Jack Freeman

No. 34
- Position: Guard

Personal information
- Born: January 20, 1922 Mexia, Texas, U.S.
- Died: July 23, 1990 (aged 68) Houston, Texas, U.S.
- Listed height: 6 ft 0 in (1.83 m)
- Listed weight: 198 lb (90 kg)

Career information
- High school: Mexia
- College: Texas
- NFL draft: 1943 (27th round, 257th overall pick)

Career history
- Phil-Pitt Steagles (1943)*; Brooklyn Dodgers (1946);
- * Offseason or practice squad member only

Career NFL statistics
- Games played: 12
- Games started: 3
- Stats at Pro Football Reference

= Jack Freeman (American football, born 1922) =

American football player (1922–1990)

Jack Lenard Freeman (January 20, 1922 – July 23, 1990) was an American professional football player who was a guard for the Brooklyn Dodgers of the All-America Football Conference (AAFC). He played college football for the Texas Longhorns.

== College career ==
Freeman played football for the Texas Longhorns from 1938 to 1942. He was inducted into the Texas Longhorn Hall of Honor, which he helped organize, in 1989.

== Professional career ==

=== Philadelphia-Pittsburgh Steagles ===
Freeman was selected in the 27th round of the 1943 NFL draft by the Pittsburgh Steelers, who would later temporarily merge with the Philadelphia Eagles to form the Philadelphia-Pittsburgh Steagles for the 1943 NFL season.

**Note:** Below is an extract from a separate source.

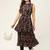 Navy Blue Printed Poly-viscose Women Kurta & Kurtis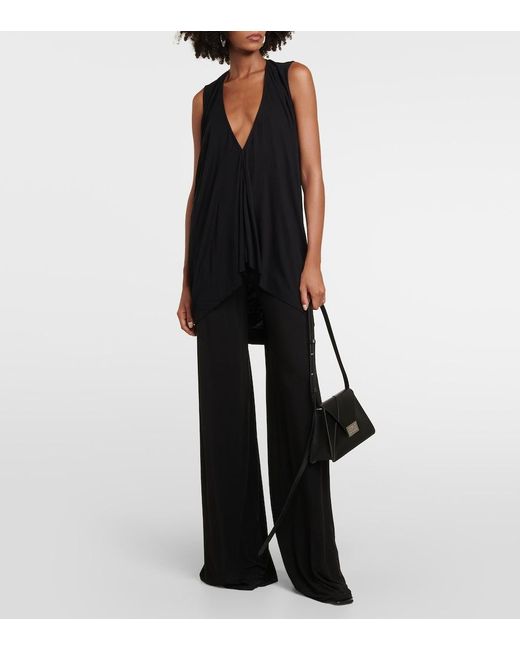 Rick Owens Black Lilies Draped Jersey Top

However, Freeman did not play with the Steagles in 1943, as he was completing his Army Air Corps training at Randolph Air Base in San Antonio, Texas. He instead played football for two years at Randolph, and for one year at Fort Worth Army Air Base.

=== Brooklyn Dodgers ===
In 1946, Freeman moved to New York to play for the Brooklyn Dodgers of the All-America Football Conference. He played twelve games with the Dodgers, starting three of them.

== Personal life ==
Freeman and his wife Daisy, who he met while at the University of Texas, eloped in January 1943.

He died on July 23, 1990, at the age of 68.